What Rescheduling Marijuana Would Change, Ctd

Jacob Sullum recently made the case for rescheduling cannabis. Kleiman throws cold water:

There’s no legitimate doubt that some of the chemicals in cannabis have medical value. But “marijuana” doesn’t name a medicine, if a medicine is a material of known chemical composition that clinical trials have shown, at some specific dosage and route of administration, to be safe and effective in the treatment of some specific ailment. The huge variations from strain to strain, and from one means of administration to another, mean that clinical trials would have to be done on specific cannabis preparations, not on “marijuana” as a general category. And it’s only those specific preparations that would then qualify for “downscheduling.”

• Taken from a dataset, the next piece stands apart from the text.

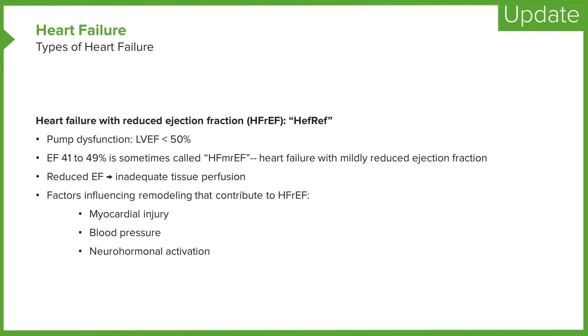Cardiac remodeling is a response to hemodynamic load as well as neurohormonal activation. Pathological remodeling can be seen with pressure overload due to hypertension or aortic stenosis. It can also be seen with volume overload, with valvular regurgitation, or with cardiac injury — for example, myocardial infarction. The management of HFrEF is quite different from the management of HFpEF, and it's important to know the differences.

Even an arbitrary decision to move the plant itself from Schedule I to Schedule II (or even Schedule III) would have mostly symbolic effects. It would still be a federal offense to grow, sell or possess cannabis except as a Food and Drug Administration-approved drug available by prescription. Downscheduling would be a consequence of clinical trials leading to FDA approval and prescription availability, not a substitute for them.

In a follow-up, he adds:

That essay doesn’t include one item on which the discussion has been especially confused: the claim that the President, by himself, has the power to reschedule. In fact, the Controlled Substances Act gives that power to the Attorney General, and requires that the AG get medical advice from the Secretary of HHS and take that advice as authoritative.  The AG has delegated his responsibility to the DEA Administrator, and the HHS secretary has delegated hers to the FDA Commissioner.